Genv [FP];7209025 said:
Alright, to start, I have an excellent PC, and I can run Crysis with all settings at very high ( except AA ) at 20-30 Fps. And HL2 at anywhere from 170-230 FPS
When you first boot up Civ, the time between turns takes around 1-2 seconds. Late in the game, this amount goes anywhere from 20-40 seconds. It's especially bothers me when you're clicking turns trying to get that damned win after putting your cards in a winning position
I'd really like to see the Civ engine updated. There's many community graphical mods that extend the game's lifespan by 5 years ( Blue marble, etc ). It's sad that a game as complex as civ suffers from this problem - It's irritating in the late game. Of course, the game could use a few more features ( AI diplomacy, LET ME PICK MY CIV'S COLOR, The AI in general. etc, etc )
I can't remember how many win situations I'd tossed away because of the damned time between turns being insufferable.
Pssst the answers you seek are very highly controversial .Nobody likes to hear the rig they paid out the ear for runs slower then a older, 1/3 the cost civ4 playing machine. It true IM afraid and fact is present to back this up
It goes back to the programmers and how they designed civ4 to utlize netburst. Codename Cedarmill as peak evo in this regard This was the very last of the monocore CPU's ever made. The know how poured n this CPU model is most refined for mono game design .Nothing beat it on the civ front
This discovery came when the greatest mono cpu of all time was bolstered with quadcore suited motherboards.

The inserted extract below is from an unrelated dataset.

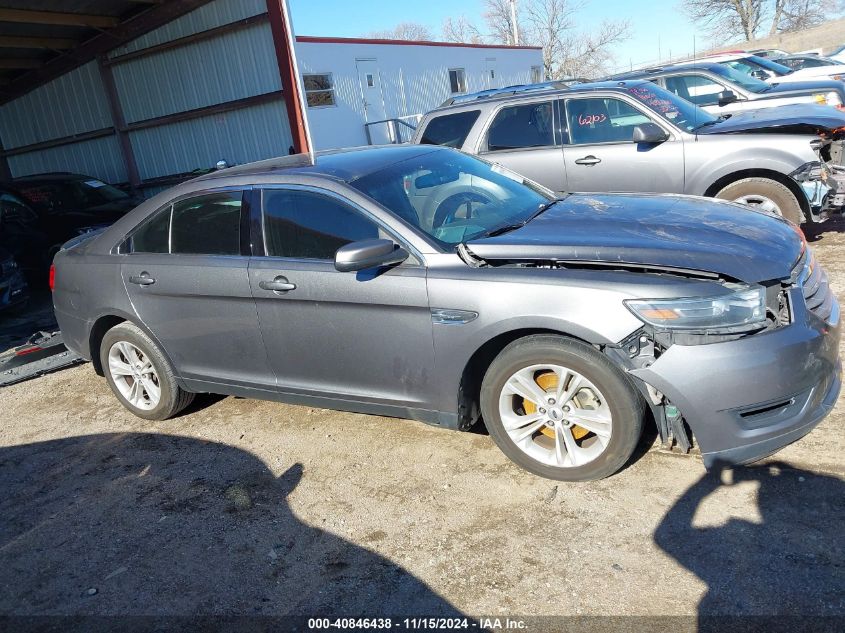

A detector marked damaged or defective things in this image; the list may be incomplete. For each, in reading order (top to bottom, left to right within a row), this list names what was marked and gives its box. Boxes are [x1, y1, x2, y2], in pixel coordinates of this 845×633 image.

Everyone knows motherboard makes the speed of specs like L2 and ram flow towards the tasks faster (1066mhz used on cedar by player aware of its dominacne for mono utilized games) or slower, ( 800mhz, cedar's deafult...a disasterous choice for bottlenecking P4's raw speed ) depending on what mhz speed
Games desiged for monocore are shown too play best on cedarmill the fastest. Its amazing artical of exception to the truth , that being core 2 is the best CPU to date for PC games.
Couple the Cedar very latest v-cards the mobo now can operate and you have he best computer made for any civ game so far . Your qaud has you in good shape to play civ5.

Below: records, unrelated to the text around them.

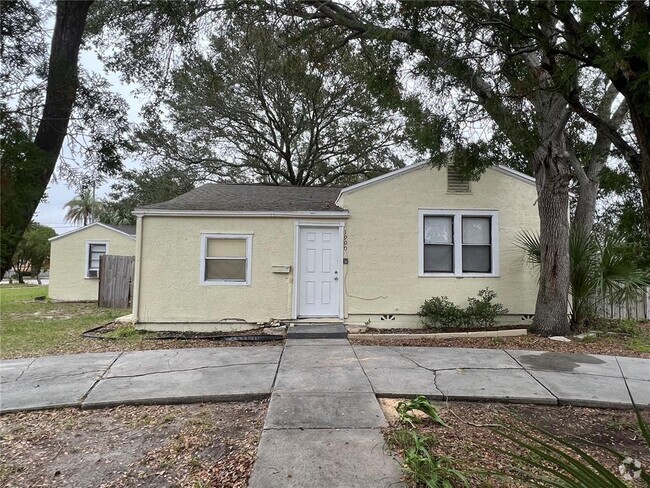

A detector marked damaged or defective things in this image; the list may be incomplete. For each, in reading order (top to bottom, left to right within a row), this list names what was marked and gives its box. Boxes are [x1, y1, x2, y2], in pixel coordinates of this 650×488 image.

cracked concrete slab [0, 352, 119, 414]
cracked concrete slab [81, 362, 276, 408]
cracked concrete slab [274, 364, 372, 394]
cracked concrete slab [432, 368, 556, 402]
cracked concrete slab [504, 350, 620, 378]
cracked concrete slab [528, 372, 648, 406]
cracked concrete slab [264, 390, 384, 428]
cracked concrete slab [247, 428, 400, 486]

You will not every see a complaint with a cedarmill user about lag in turns however, you are about the 400th Core2 slow game complaint on this forum
L2 is the Cpu memory that calculates the turns in CIv4 before ram is called in . The more you have the longer your turn avoids netburst ineffiecient pipeline struture delys when virtual memeory is called up
Heres the evo of P4 .
Northwood 130nm) L2 cahe 512mb...crap yet thnks to dell most common model
Prescott (90nm) L2 cahe 512mb
Prescott 2M (90nm) L2 cache 2 MiB
Cedar Mill (
65nm) L2 cache 2Mb
The straight shrink of the 600-series core to 65 nm gave Cedar Mill a lower heat output than Prescott. Now overclockers ran a 4.6 ghz nice and easy. The "40% less effiecnt then core2" claim by intel was proven as a lie becaue todays cedar owner uses the Core2 motherboard

SO a core 2 running at 2.6ghz is no eqaul to a cedar running at 3.6ghz when the cedar has a mobo deliver L2 and ram to the CPu's task at new superior levels then what was shipped before (800mhz junk!)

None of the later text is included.